| Work task |
Reproduce each line below precisely. Drop the pictures.

| Collected data |

——————————

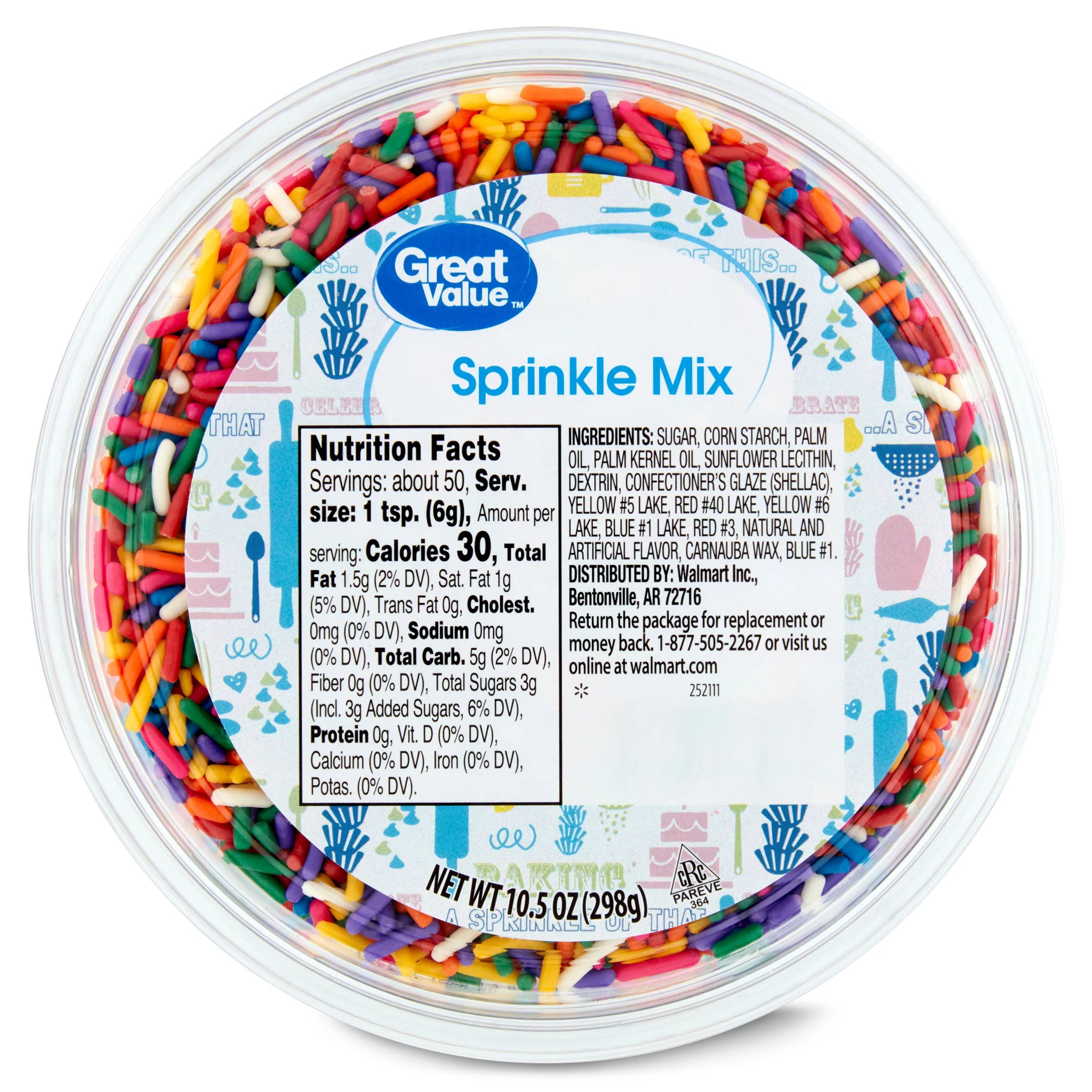 Great Value Rainbow Sprinkles, 10.5 oz - Walmart.com | Walmart (US)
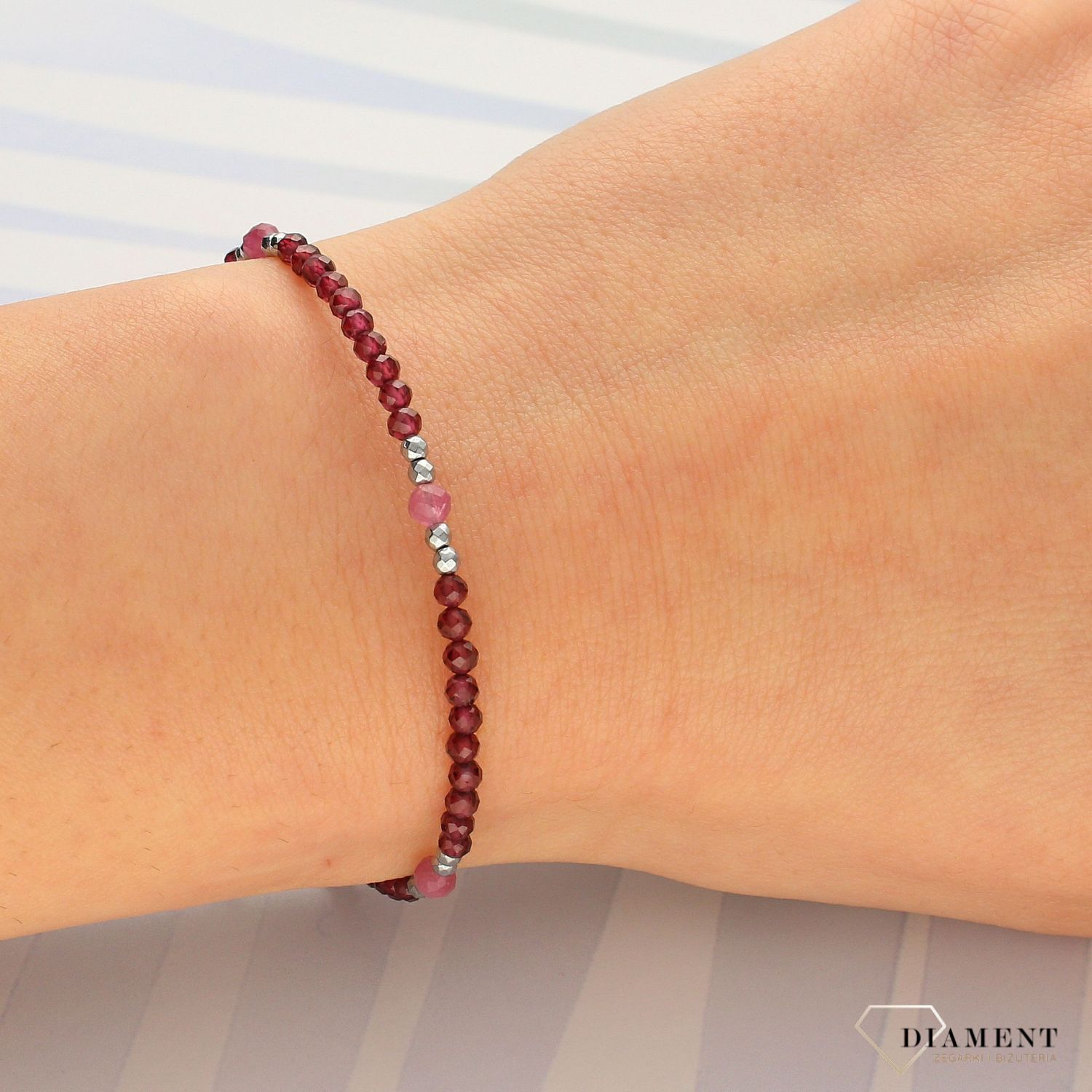 Bransoletka do znaku zodiaku- Baran hematyt, granat, turmalin różowy DIA-BRA-4859-925 (1).jpg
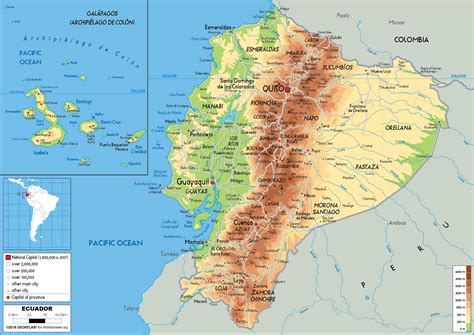 Ecuador Map (Physical) - Worldometer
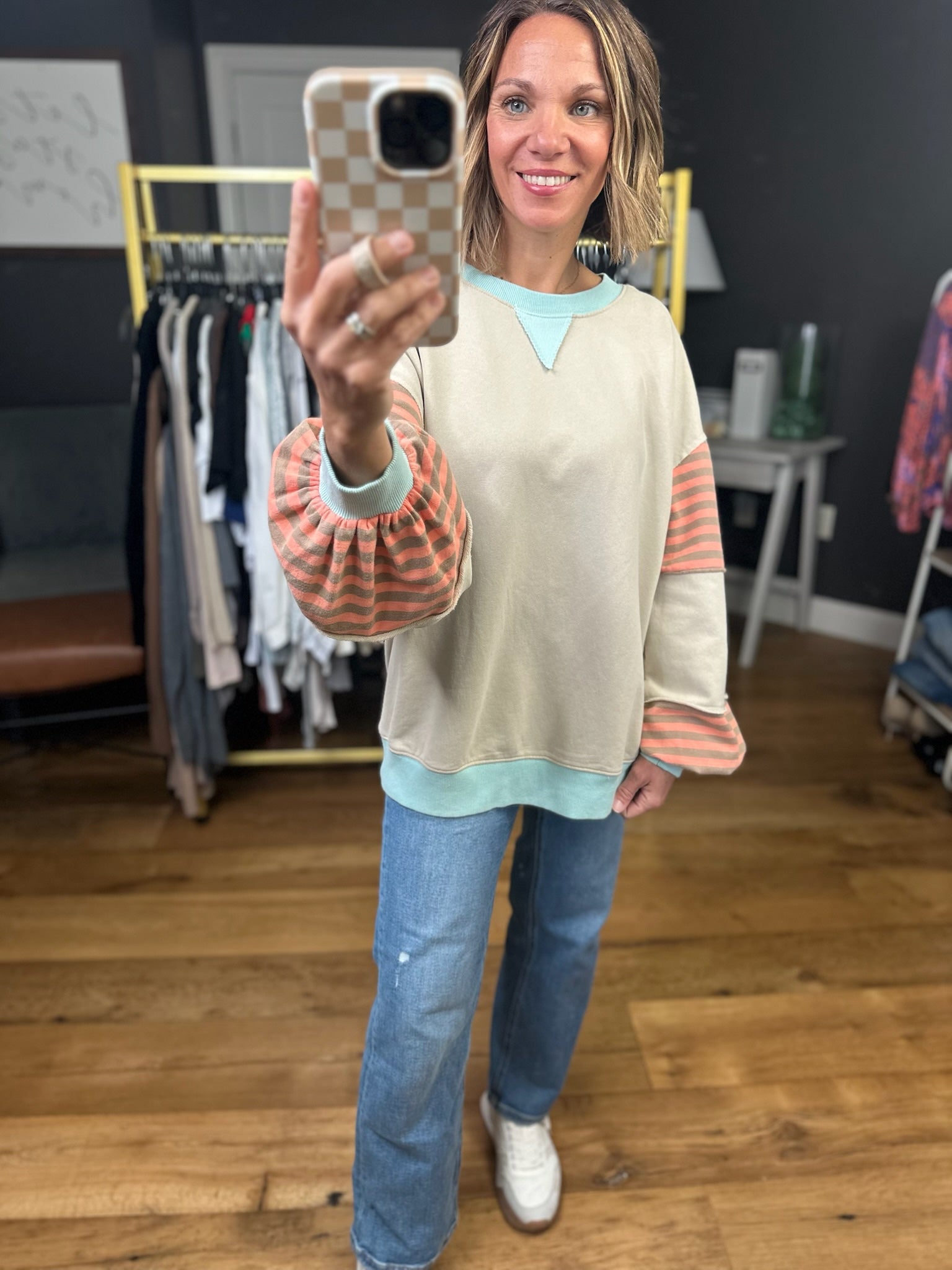 Great Adventure Contrasting Oversized Crew - Multiple Options-Easel-Anna Kaytes Boutique, Women's Fashion Boutique in Grinnell, Iowa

——————————

| Solution to this problem |
 Great Value Rainbow Sprinkles, 10.5 oz - Walmart.com | Walmart (US)
 Bransoletka do znaku zodiaku- Baran hematyt, granat, turmalin różowy DIA-BRA-4859-925 (1).jpg
 Ecuador Map (Physical) - Worldometer
 Great Adventure Contrasting Oversized Crew - Multiple Options-Easel-Anna Kaytes Boutique, Women's Fashion Boutique in Grinnell, Iowa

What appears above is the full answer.